This is nice, but how do we prepare these states? Different researchers have come up with different techniques to do this. One of the ideas that is commonly applied is averaging. This is based on the observation that the state at thermal equilibrium is a pseudo-pure state up to an error term. This error term can be removed by averaging over many instances of the same experiment (while somehow shuffling the initial states around using a clever manipulation). So we first let the probe settle down, i.e. prepare it in a thermal state (which can even be at room temperature). We then run our quantum algorithm and measure. Next, we re-initialize the system, apply a certain transformation and re-run the algorithm. We repeat this several times, with a prescribed set of unitary transformations that we apply in each run to the thermal equilibrium state before running the quantum algorithm. At the end, we add up all our results and take the average. It can be shown that these initial “shuffling transformations” can be chosen such that the difference between the thermal state and the pseudo-pure state cancels out.

Quantum gates

Having this result in place, we now need to understand how we can actually realize quantum gates. In the last post, we have already seen that we can use RF-pulses to rotate the state of an NMR qubit on the Bloch sphere, which can be used to realize single qubit gates. But how do we realize two-qubit gates like the CNOT gate? For that purpose, we need some type of interaction between two qubits.
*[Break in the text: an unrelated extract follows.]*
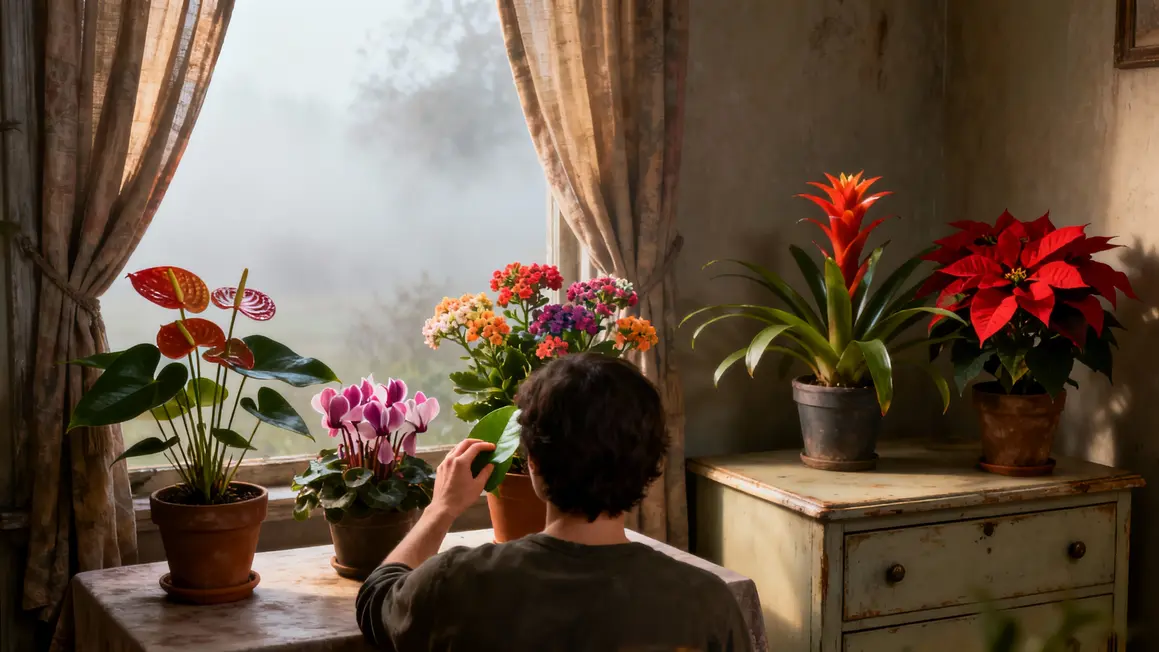 Personne touchant une plante d intérieur colorée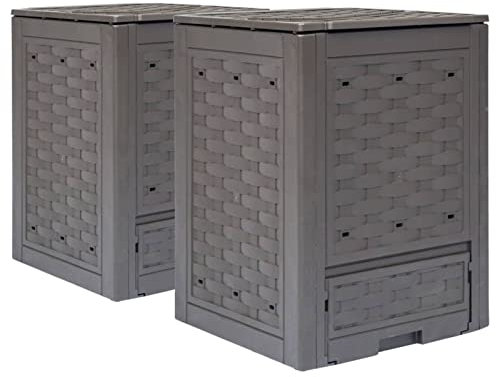 ARKEM Compostiera Domestica, Compostiera da Giardino e da Balcone, Bidone per Compost Girevole,Compostiere 2 pz Marrone 60x60x83cm 600 L in Rattan di Plastica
Now, in reality, any two molecules in an NMR probe do of course interact – by their electric and magnetic fields, by direct collision and so forth. It turns out that in most circumstances, all but one type of coupling called the J-coupling can be neglected. This coupling is an indirect coupling – the magnetic moment created by a nuclear spin interacts with the electric field of an electron, which in turn interacts with the magnetic moment of a different nuclear spin. In the Hamiltonian – in a rotating frame – the J-coupling contributes a term like

\frac{2 \pi}{\hbar} J_{12} I^1_z I^2_z

where J12 is a coupling constant. This term introduces a correlation between the two nuclear spins, similar to an additional magnetic field depending on the state of the second qubit. The diagram below is the result of a simulation of an initial state to which J-coupling is applied and demonstrates that the J-coupling manifests itself in a splitting of peaks in an NRM diagram.


An NMR diagram is the result of a Fourier transform, so an additional peak corresponds to a slow, additional rotation of the two spin polarizations around each other.
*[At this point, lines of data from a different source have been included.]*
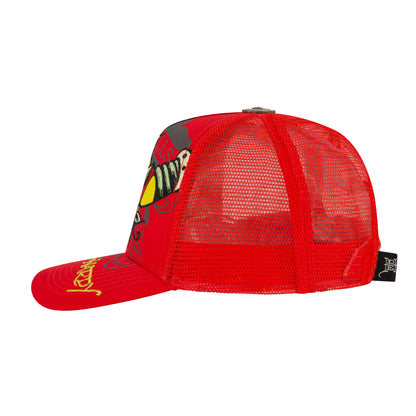 Black Rose Trucker Hat RED | Ed Hardy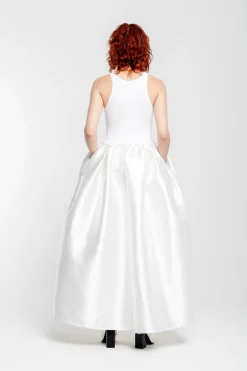 WHITE LONG DRESS WITH FULL SKIRT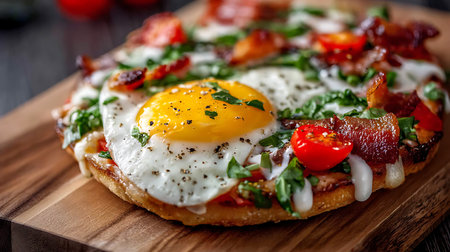 Pizza with fried egg, bacon, tomato and herbs on wooden boardの素材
Let us take a closer look at this. If we apply a free evolution under the influence of J-coupling over some time t, it can be shown – again I refer to my notes on GitHub for the full math – that the time evolution is given by the operator

U = \cos (\frac{\pi J_{12}}{2} t) -i \sigma_z^1 \sigma_z^2 \sin (\frac{\pi J_{12}}{2}  t)

If we choose t such that

\frac{\pi J_{12}}{2} t = \frac{\pi}{4}

and combine this time evolution with rotations around the z-axis of both qubits, we obtain the following transformation, expressed as a matrix

R_{z^2}(-\frac{\pi}{2}) R_{z^1}(-\frac{\pi}{2}) U =  \frac{1+i}{\sqrt{2}} \begin{pmatrix} 1 & & & \\ & 1 & & \\ & & 1 & \\ & & & -1  \end{pmatrix}

Technically, this transformation is the result of letting the system evolve under the influence of J-coupling for the time t and then applying two sharp RF pulses, one at resonance with the first qubit and one at resonance with the second qubit, timed such that they correspond to a rotation on the Bloch sphere around the z-axis with angle \pi / 2. The matrix on the right hand side of this equation represents a two-qubit transformation known as the controlled phase gate. This gate corresponds to applying a phase gate to the second qubit, conditional on the state of the first qubit.

This already looks very similar to a CNOT gate, and in fact it is – one can easily show that the phase gate is equivalent to the CNOT gate up to single qubit operations, more precisely these two gates are related by

C_{NOT} = (I \otimes H) C_{PHASE} (I \otimes H)

where I is the identity and H is the Hadamard gate. As single qubit operations can be realized by RF pulses, this shows that a CNOT gate can be realized by a free evolution under the J-coupling, framed by sequences of RF pulses. This, together with single qubit gates, gives us a universal gate set.

This completes our short deep dive into NMR based quantum computing. Historically, NMR based quantum computers were among the first fully functional implementations of (non error-corrected) universal quantum computers, but have come a bit out of fashion in favor of other technologies. At the time of writing, most of the large technology players focus on a different approach – superconducting qubits – which I will cover in the next couple of posts on quantum computing.

Kubernetes services and load balancers

In my previous post, we have seen how we can use Kubernetes deployment objects to bring up a given number of pods running our Docker images in a cluster. However, most of the time, a pod by itself will not be able to operate – we need to connect it with other pods and the rest of the world, in other words we need to think about networking in Kubernetes.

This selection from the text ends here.